A need has arisen to propose a novel scheme capable of improving settling time of a buffer amplifier adaptable to the LCD.

SUMMARY OF THE INVENTION

In view of the foregoing, it is an object of the embodiment of the present invention to provide a high-speed buffer amplifier with improved settling time.

According to one embodiment, a high-speed buffer amplifier includes an input stage, a middle stage and an output stage. The input stage includes a first channel coupled to receive differential inputs and a second channel coupled to receive the differential inputs. The middle stage includes a first current source coupled to receive outputs of the second channel and electrically connected to power, a second current source coupled to receive outputs of the first channel and electrically connected to ground, and a floating current source electrically connected between the first current source and the second current source. The output stage is coupled to the middle stage to generate an output voltage. The middle stage includes a shunt circuit electrically connected between the first current source and the second current source, and configured to bypass the floating current source.

BRIEF DESCRIPTION OF THE DRAWINGS

FIG. 1 shows a block diagram illustrating a high-speed buffer amplifier according to one embodiment of the present invention; and

FIG. 2 shows a circuit diagram illustrating the high-speed buffer amplifier of FIG. 1 according to the embodiment of the present invention.

DETAILED DESCRIPTION OF THE INVENTION

FIG. 1 shows a block diagram illustrating a high-speed buffer amplifier 100 according to one embodiment of the present invention, and FIG. 2 shows a circuit diagram illustrating the high-speed buffer amplifier 100 of FIG. 1 according to the embodiment of the present invention.

In the embodiment, the high-speed buffer amplifier (“amplifier” hereinafter) 100 may include an input stage 11, a middle stage 12 and an output stage 13.

The input stage 11 of the embodiment may include a first channel 111 coupled to receive differential inputs Vip and Vin, and composed of first-type transistors (e.g., P-type metal-oxide-semiconductor (PMOS) transistors) M1-M4. Specifically, the transistors M1-M2 are connected in series (with the transistor M1 coupled to power VDD) to form a first bias branch with bias voltages Vb3-Vb4, and the transistors M3-M4 are connected in parallel with sources connected together to form a first source-coupled differential pair, which is connected to (the transistor M2 of) the first bias branch.

The input stage 11 of the embodiment may include a second channel 112 coupled to receive the differential inputs Vip and Vin, and composed of second-type transistors (e.g., N-type MOS transistors or NMOS transistors) M5-M8. Specifically, the transistors M5-M6 are connected in series (with the transistor M5 coupled to ground) to form a second bias branch with bias voltages Vb5-Vb6, and the transistors M7-M8 are connected in parallel with sources connected together to form a second source-coupled differential pair, which is connected to (the transistor M6 of) the second bias branch.

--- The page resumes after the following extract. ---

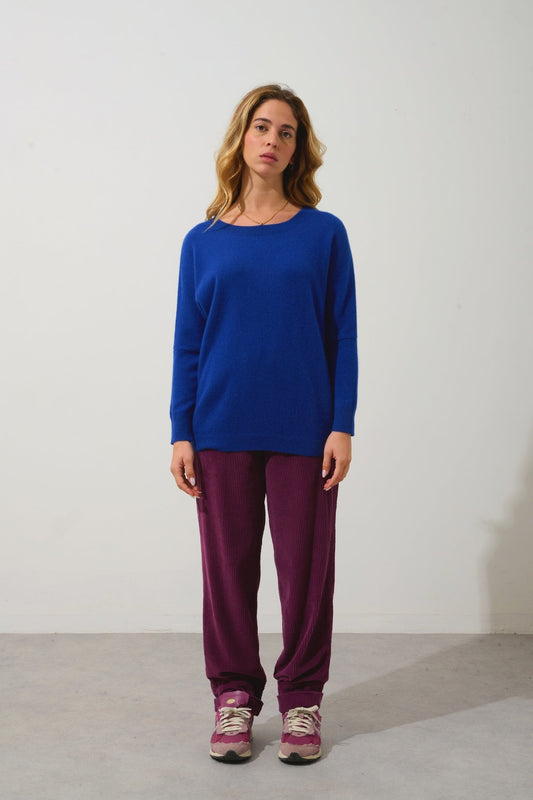 GOLÉON ultramarine bat sweater 100% cashmere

The middle stage 12 of the embodiment may include a first current source 121 coupled to receive outputs of the second channel 112, and electrically connected to the power VDD. The first current source 121 may include first-type transistors M9-M12. Specifically, the transistors M9 and M11 are connected in series (with the transistor M9 coupled to the power VDD), at a first intermediate node n9, to form a first current branch, and the transistors M10 and M12 are connected in series (with the transistor M10 coupled to the power VDD), at a second intermediate node n10, to form a second current branch. Gates of corresponding transistors of the first and the second current branches are coupled together. For example, gates of the transistors M9-M10 adjacent to the power VDD are coupled at a first coupling node n11, which is further connected to a drain of the transistor M11. It is noted that the first intermediate node n9 and the second intermediate node n10 are connected to drains of the second source-coupled differential pair M7-M8, respectively. The gates of the transistors M11-M12 are coupled to a first bias voltage Vb1.

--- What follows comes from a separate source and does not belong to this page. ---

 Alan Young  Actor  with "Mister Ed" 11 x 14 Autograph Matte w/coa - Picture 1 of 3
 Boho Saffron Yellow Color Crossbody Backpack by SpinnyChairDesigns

The middle stage 12 of the embodiment may include a second current source 122 coupled to receive outputs of the first channel 111, and electrically connected to the ground. The second current source 122 may include second-type transistors M17-M20. Specifically, the transistors M17 and M19 are connected in series (with the transistor M19 coupled to the ground), at a third intermediate node n5, to form a third current branch, and the transistors M18 and M20 are connected in series (with the transistor M20 coupled to the ground), at a fourth intermediate node n6, to form a fourth current branch. Gates of corresponding transistors of the third and the fourth current branches are coupled together. For example, gates of the transistors M19-M20 adjacent to ground are coupled at a second coupling node n7, which is further connected to a drain of the transistor M17. It is noted that the third intermediate node n5 and the fourth intermediate node n6 are connected to drains of the first source-coupled differential pair M3-M4, respectively. The gates of the transistors M17-M18 are coupled to a second bias voltage Vb2.

The middle stage 12 of the embodiment may include a floating current source 123 (composed of first-type transistors M15-M16 and second-type transistors M13-M14) electrically connected between the first current source 121 and the second current source 122. Specifically, the transistors M13 and M15 are connected in parallel to form a first floating branch, which is connected between the first current branch M9/M11 (at a first connected node n13) of the first current source 121 and the third current branch M17/M19 (at a second connected node n14) of the second current source 122. The transistors M14 and M16 are connected in parallel to form a second floating branch, which is connected between the second current branch M10/M12 (at a third connect node n12) of the first current source 121 and the fourth current branch M18/M20 (at a fourth connect node n8) of the second current source 122. The gates of the transistors M13-M16 are respectively coupled to corresponding bias voltages Vb7-Vb10. As usual, the gates of the transistors M13-M14/M15-M16 with the same type are coupled to the same bias voltage.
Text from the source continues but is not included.